定番の棹タイプを、きれいに盛り付けられる“切れている「ういろ」”へ刷新。製法は手作りにシフト。
多くのお客様に長年愛されている、棹タイプの「ういろ」。
大須ういろにとって大切な定番商品です。
米粉の蒸し菓子である「ういろ」の魅力はなんといっても、もっちりとした食感です。一方で、この弾力ゆえに「角まできれいに切るのは難しい」という声もいただいています。ご家庭で切り分ける際、包丁に引っ付くことがあり、きれいな四角い断面になりづらいのです。
「もっときれいに届けることができないだろうか」。
「おもてなしの席にも重宝するよう、美しくお皿に並べられるお菓子にしたい」。
こう考えていたところ、工場長にあるアイデアが浮かびました。
試作を経てたどり着いたのが、ひときれずつに“切れている棹ういろ”です。
佇まいは、これまで通り、棹状の1本です。
しかし1本を構成しているのは、5切れのキューブ状のういろ。
ひときれずつに切れているので、包丁を使うことなくそのままお皿に盛り付けることができます。
生まれ変わったのは、形状だけではありません。これまでの機械づくりから、昔ながらの製法を現代に置き換えた手づくりになりました。職人の手によって直接“生蒸気”を当てて蒸し、手作業でフィルムを巻いてからパックに詰めて真空包装と殺菌をします。手づくりにすることで、従来品よりも手間がかかります。時間も要します。それでも、今でき得るベストなういろにしたいと思ったのです。
同時に、原材料の見直しも図りました。
従来の「ないろ」には小麦粉が入っていますが、ほかの「ういろ」と同じ米粉のみを使ったグルテンフリーに。ういろにこしあんを練り込むシンプルな製法で、今までのないろよりもっちりとした食感になりました。

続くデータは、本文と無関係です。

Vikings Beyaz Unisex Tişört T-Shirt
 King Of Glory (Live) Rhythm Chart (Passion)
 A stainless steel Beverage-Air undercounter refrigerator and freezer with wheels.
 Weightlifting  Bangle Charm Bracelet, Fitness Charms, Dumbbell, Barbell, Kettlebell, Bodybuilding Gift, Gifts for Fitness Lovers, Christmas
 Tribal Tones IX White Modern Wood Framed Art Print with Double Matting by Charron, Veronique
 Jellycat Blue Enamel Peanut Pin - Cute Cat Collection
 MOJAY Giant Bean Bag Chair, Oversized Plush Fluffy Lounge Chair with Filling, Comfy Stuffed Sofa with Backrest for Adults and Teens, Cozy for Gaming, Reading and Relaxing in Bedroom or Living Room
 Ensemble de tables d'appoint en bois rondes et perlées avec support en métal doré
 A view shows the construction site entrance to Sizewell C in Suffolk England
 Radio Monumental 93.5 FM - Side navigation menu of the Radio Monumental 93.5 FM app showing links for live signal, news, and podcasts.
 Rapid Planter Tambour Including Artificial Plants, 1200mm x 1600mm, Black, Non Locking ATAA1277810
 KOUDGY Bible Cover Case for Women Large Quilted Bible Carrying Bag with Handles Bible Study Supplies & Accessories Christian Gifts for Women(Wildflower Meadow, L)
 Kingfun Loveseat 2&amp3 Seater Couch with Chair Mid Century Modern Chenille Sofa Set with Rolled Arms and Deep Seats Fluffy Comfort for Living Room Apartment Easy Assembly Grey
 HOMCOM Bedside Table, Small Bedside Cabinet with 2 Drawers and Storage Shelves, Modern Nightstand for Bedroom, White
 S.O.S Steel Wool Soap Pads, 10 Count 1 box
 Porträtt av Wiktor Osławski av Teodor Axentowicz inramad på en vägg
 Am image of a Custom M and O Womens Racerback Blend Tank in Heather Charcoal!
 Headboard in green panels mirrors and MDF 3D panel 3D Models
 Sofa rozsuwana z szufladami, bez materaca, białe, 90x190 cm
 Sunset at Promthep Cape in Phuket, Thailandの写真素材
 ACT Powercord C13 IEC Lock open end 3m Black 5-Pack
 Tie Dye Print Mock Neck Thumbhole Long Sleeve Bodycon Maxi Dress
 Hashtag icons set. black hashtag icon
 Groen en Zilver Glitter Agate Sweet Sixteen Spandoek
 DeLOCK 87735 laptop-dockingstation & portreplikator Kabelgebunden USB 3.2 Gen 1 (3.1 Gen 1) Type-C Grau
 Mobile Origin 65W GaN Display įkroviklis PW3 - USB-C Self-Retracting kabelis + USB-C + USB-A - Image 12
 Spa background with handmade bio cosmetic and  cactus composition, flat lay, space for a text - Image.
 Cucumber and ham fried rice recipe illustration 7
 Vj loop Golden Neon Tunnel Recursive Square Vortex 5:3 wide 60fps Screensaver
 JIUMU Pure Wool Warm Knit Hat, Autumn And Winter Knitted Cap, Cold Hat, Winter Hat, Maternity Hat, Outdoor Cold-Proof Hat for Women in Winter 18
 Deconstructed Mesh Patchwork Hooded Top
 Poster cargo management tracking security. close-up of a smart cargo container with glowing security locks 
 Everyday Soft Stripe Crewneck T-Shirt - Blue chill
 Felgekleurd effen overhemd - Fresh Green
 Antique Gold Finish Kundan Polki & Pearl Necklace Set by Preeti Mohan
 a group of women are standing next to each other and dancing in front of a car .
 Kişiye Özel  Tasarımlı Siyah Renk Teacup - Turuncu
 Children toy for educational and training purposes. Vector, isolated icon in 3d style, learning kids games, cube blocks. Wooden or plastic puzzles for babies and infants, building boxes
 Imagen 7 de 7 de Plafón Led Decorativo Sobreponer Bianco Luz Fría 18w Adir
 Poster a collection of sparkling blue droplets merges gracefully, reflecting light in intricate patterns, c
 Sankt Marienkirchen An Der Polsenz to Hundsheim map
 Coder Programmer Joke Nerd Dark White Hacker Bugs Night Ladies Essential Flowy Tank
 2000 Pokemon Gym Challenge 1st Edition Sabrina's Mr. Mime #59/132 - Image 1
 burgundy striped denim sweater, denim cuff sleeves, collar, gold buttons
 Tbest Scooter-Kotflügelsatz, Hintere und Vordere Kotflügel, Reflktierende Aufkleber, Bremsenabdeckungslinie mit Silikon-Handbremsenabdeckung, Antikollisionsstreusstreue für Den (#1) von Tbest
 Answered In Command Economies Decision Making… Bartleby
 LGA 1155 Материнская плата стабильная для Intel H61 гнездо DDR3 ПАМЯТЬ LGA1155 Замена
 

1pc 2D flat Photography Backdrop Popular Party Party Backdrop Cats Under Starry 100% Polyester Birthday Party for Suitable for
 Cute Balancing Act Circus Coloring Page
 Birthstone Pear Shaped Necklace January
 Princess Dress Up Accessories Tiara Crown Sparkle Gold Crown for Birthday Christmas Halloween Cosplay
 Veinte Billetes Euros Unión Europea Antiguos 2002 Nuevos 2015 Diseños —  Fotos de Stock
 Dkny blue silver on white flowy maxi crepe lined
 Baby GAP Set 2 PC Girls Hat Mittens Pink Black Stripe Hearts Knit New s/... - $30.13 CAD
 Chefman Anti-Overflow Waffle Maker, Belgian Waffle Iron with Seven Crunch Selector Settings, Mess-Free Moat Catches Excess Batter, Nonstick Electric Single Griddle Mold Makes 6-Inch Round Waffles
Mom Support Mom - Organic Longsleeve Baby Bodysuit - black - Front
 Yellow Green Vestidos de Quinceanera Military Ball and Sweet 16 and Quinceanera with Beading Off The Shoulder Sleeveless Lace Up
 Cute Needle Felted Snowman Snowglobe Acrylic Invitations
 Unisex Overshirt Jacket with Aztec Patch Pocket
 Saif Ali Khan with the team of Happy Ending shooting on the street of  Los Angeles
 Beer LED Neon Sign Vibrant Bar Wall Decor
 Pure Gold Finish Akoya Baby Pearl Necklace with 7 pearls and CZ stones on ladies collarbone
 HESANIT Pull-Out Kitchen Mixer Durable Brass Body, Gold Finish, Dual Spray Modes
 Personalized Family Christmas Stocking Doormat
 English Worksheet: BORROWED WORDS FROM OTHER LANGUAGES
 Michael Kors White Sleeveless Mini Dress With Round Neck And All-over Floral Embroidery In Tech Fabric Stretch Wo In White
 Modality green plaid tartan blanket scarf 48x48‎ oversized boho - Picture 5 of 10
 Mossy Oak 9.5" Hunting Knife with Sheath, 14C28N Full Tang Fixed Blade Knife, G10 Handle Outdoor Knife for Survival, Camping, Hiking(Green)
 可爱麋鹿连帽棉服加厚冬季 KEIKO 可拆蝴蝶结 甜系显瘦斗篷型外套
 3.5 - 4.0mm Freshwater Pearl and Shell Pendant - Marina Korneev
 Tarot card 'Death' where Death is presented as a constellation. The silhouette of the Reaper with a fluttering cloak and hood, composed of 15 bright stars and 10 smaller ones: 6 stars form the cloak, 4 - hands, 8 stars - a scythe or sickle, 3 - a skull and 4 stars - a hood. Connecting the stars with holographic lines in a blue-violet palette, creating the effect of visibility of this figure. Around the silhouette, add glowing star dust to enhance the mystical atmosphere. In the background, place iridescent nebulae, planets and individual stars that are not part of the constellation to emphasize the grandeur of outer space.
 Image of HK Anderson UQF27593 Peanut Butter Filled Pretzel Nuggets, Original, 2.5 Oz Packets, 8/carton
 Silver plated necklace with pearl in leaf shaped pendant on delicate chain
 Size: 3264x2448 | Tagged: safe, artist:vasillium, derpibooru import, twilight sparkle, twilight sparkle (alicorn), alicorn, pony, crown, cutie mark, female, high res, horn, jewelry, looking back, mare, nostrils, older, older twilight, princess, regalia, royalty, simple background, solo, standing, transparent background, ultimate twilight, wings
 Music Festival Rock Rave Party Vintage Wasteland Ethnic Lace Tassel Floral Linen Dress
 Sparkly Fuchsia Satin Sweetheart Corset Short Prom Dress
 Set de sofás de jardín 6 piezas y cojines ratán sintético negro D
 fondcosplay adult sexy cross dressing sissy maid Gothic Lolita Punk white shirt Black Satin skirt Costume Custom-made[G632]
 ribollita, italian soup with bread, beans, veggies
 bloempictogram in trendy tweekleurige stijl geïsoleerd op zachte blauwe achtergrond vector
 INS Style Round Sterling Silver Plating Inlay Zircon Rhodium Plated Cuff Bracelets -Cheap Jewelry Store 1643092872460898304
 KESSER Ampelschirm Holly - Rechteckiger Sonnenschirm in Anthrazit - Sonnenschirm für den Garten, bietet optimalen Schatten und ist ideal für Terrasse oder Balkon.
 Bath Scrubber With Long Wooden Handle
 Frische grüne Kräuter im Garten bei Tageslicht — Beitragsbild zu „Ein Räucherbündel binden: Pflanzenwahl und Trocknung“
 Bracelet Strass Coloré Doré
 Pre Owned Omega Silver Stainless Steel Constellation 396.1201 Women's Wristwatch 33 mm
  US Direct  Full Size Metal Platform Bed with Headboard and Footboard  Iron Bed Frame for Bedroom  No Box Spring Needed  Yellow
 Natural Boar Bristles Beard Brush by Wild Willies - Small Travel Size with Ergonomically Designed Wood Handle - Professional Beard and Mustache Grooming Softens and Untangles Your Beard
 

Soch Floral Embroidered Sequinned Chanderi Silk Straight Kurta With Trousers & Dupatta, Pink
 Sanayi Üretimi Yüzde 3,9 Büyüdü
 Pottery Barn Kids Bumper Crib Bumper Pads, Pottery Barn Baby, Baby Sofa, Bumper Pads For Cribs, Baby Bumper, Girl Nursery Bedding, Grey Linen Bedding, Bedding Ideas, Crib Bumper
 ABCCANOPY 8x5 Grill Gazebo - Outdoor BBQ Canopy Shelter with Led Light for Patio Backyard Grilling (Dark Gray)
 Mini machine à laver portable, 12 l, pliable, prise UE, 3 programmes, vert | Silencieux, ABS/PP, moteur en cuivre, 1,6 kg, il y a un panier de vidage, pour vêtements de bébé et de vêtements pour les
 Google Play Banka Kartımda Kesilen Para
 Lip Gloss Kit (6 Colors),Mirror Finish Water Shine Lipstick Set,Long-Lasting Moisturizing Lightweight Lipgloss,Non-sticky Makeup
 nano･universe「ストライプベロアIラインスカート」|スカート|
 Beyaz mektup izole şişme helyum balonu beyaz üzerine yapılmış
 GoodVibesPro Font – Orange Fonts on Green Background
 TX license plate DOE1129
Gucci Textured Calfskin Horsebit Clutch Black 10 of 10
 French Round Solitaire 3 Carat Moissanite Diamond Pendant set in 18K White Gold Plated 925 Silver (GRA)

また、「黒」はカラメル色素を、「桜」は香料を不使用にしました。
さらに、パッケージもリニューアル。
商品名の文字は、書家の国分佳代さんの手によるものです。
箱に描かれた文様は、これまでのデザインを踏襲しつつ、サイズや表現方法を改めて検討。透明なニスを用いて、光の当たる角度や明るさによって、文様が浮き出るように見えたり、マットな質感に見えたりするニュアンスのある表現にしています。会社として大切に守るべきものは守りつつ、日々更新・革新に努める姿勢をパッケージに表現するとともに、お客様に手にとる楽しさや趣を感じてもらえるよう刷新しました。
定番商品だからこそ、もっときれいに、おいしく、安全安心に。
新しく生まれ変わった「ういろ」は、直営店とオンラインショップから販売を開始します。
大須ういろでは、今回の「ういろ」をはじまりに、さらにより良いものを追求し、商品を一つひとつ見直していこうと考えています。
私たちが今後挑戦するのは、原点回帰です。
それは、もっとおいしくする、手づくり製法へのシフト。商品の特性に合わせ、手づくりへと徐々に軸足を移していきます。そして、ういろの再価値化を目指します。
職人の真心と技が凝縮している。
蒸し菓子そのものの味わいと風味を楽しめる。
そんな手づくりういろの魅力を改めて伝えるため、この先何年も費やす長い道のりを歩んでいきたいと思います。